Machine learning is about learning from data
The first thing to know about machine learning is that it’s often referred to as Artificial Intelligence by the popular media and they make it sound like the computer has become super intelligent and self-aware. In reality, machine learning – or AI – is just about learning patterns in data and we shouldn’t be afraid of being colonized by robots anytime soon.
This said, with the right data to train algorithms there are numerous problems that can be solved and automated, everything from stock trading to uncovering diseases and self-driving cars.
Further, we often hear excitement about fancy machine learning algorithms, but the fundamental building block of machine learning is and will be data and not the algorithm itself; the algorithms can only be as good as the data its trained with. Machine learning itself discovers patterns that are present in the training data, and if its feed with poor data it won’t work well on new data or what’s called to generalize.

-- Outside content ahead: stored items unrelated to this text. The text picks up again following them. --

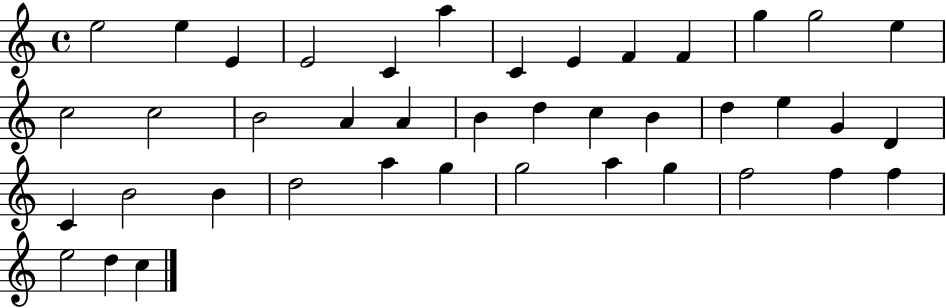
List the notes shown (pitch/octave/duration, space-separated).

E5/h E5/q E4/q E4/h C4/q A5/q C4/q E4/q F4/q F4/q G5/q G5/h E5/q C5/h C5/h B4/h A4/q A4/q B4/q D5/q C5/q B4/q D5/q E5/q G4/q D4/q C4/q B4/h B4/q D5/h A5/q G5/q G5/h A5/q G5/q F5/h F5/q F5/q E5/h D5/q C5/q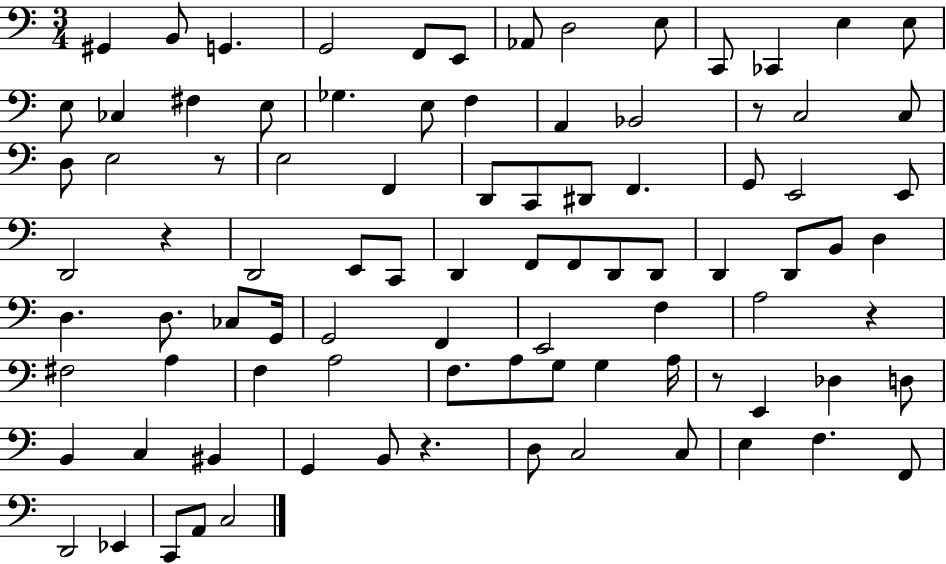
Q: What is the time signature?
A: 3/4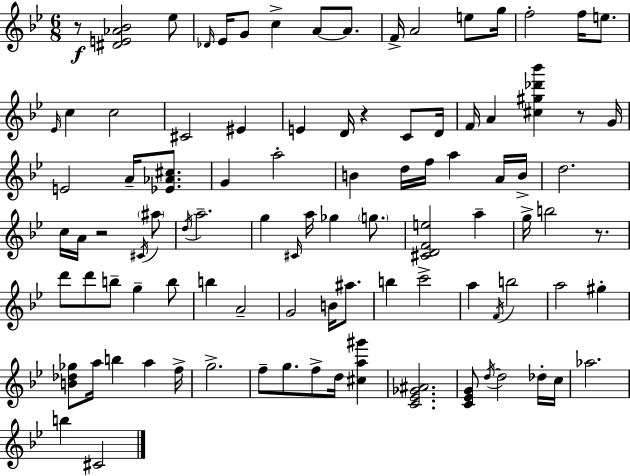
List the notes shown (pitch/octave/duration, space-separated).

R/e [D#4,E4,Ab4,Bb4]/h Eb5/e Db4/s Eb4/s G4/e C5/q A4/e A4/e. F4/s A4/h E5/e G5/s F5/h F5/s E5/e. Eb4/s C5/q C5/h C#4/h EIS4/q E4/q D4/s R/q C4/e D4/s F4/s A4/q [C#5,G#5,Db6,Bb6]/q R/e G4/s E4/h A4/s [Eb4,Ab4,C#5]/e. G4/q A5/h B4/q D5/s F5/s A5/q A4/s B4/s D5/h. C5/s A4/s R/h C#4/s A#5/e D5/s A5/h. G5/q C#4/s A5/s Gb5/q G5/e. [C#4,D4,F4,E5]/h A5/q G5/s B5/h R/e. D6/e D6/e B5/e G5/q B5/e B5/q A4/h G4/h B4/s A#5/e. B5/q C6/h A5/q F4/s B5/h A5/h G#5/q [B4,Db5,Gb5]/e A5/s B5/q A5/q F5/s G5/h. F5/e G5/e. F5/e D5/s [C#5,A5,G#6]/q [C4,Eb4,Gb4,A#4]/h. [C4,Eb4,G4]/e D5/s D5/h Db5/s C5/s Ab5/h. B5/q C#4/h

The most time-consuming task of machine learning is most often handling data
Most of the hype about machine learning is about tuning models, but in reality to prepare data is the real tedious task. The data first have to be fetched, sometimes we have ready-made well-structured data, but in most cases, the data is a big mess where it has to be fetched from complicated APIs, extracted from a spiderweb of systems or even collected from the ground up. When the data finally is fetched, it most likely has to be transformed and cleaned – joining tables, filling in missing values, removing outliers doing feature extraction to find new features and much more. This process can take days, weeks or months to complete, sometimes the biggest frustration is to nest up just how to extract the data from various systems and approaches.
Deep Learning isn’t the potion that will fix the world – just an ingredient
Deep learning is receiving a lot of attention these days, and it’s being well credited for numerous advances in solving a range of problems. Deep learning especially shines through when we have access to huge amounts of data, as it’s able to find complex patterns in even messy data. Essentially automating some of the tasks done through feature engineering and data transformation – this especially applies to computer vision related problems.
Regardless of this, Deep Learning isn’t some magic that works right out of the box on any problem. The first prerequisite is enough (descent) data, but even with a lot of data, there has to be invested a significant time into harvesting and transforming data – not to even mention the time it takes to tune a deep neural network. Despite the fancy name and problems it solves, it won’t rise to some sort of self-aware super intelligence ready to take over the world.